Time once again to shut down Apple and give the money back to the shareholders, because Google is now first and Apple but second on the list of “The 24 most valuable brands in the world.” (Tip o’ the antlers to Philip Speicher.)
Footnote no one will read: These rankings were made up by some consultancy firm you’ve never heard of using methodology just slightly better than casting bones.
In other words, incontrovertible proof.
Brand Finance calculates value as the amount “a company would be willing to pay to license its brand as if it did not own it.”
Asking the musical question “What if fanfiction was made-up numbers instead of made-up adventures?”

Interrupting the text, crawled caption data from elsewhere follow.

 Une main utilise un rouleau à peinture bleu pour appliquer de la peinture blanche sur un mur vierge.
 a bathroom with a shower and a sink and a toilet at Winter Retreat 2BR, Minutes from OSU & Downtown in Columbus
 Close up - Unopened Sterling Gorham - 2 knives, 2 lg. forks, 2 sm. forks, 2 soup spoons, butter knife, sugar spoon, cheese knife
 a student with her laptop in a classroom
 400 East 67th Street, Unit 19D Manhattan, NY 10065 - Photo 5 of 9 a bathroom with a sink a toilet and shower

A lot of a company’s value is readily quantifiable. But not all of it. For example, this bit taken from Brand Finance’s methodology stood out.
…forecast brand specific revenues using a function of historic revenues, equity analyst forecasts and economic growth rates.
Ha, yeaaah. The Macalope would love to see the spreadsheet that calculated the revenue forecast because he’s never read a spreadsheet and laughed out loud uncontrollably before. (OK, once.) Apple’s revenue for the most recent quarter was three times that of Google’s. Is this forecast of revenue over a geologic timescale?
“Once intelligent chimps rule the world, we see Google’s revenue overtaking that of Apple.”
The Macalope doesn’t know how much weight the revenue projection component is given in their calculation, but this is kind of an important point because, as we’ve seen over and over and over again, analysts suck at projections. You only need to look at this piece from 2011 to realize that:
“Windows Phone will beat Android in 2013, analyst explains.”
That, as you may or may not have noticed, did not happen. At least in our timeline. It’s possible the timeline it did happen in might actually be better than this one, but the point is it’s not this one.
So, certainly there’s no margin of error in Brand Finance’s calculation that could account for the 2 percent difference in Google’s and Apple’s scores. These numbers are rock-solid. And grading a company according to the value derived is simply engaging in science rather than a vapid PR exercise by the firm providing the ranking.
While Brand Finance says the grades they assigned each company are derived from the index, there’s apparently a subjective component as well because Apple’s numeric score last year was almost double Google’s but both years Google received an AAA+ grade and Apple an AAA grade. If the Macalope were taking this class, he’d go to the dean.
Ultimately, a 2 percent difference in a subjective measure doesn’t really add up to a hill of bean by-products, let alone actual beans.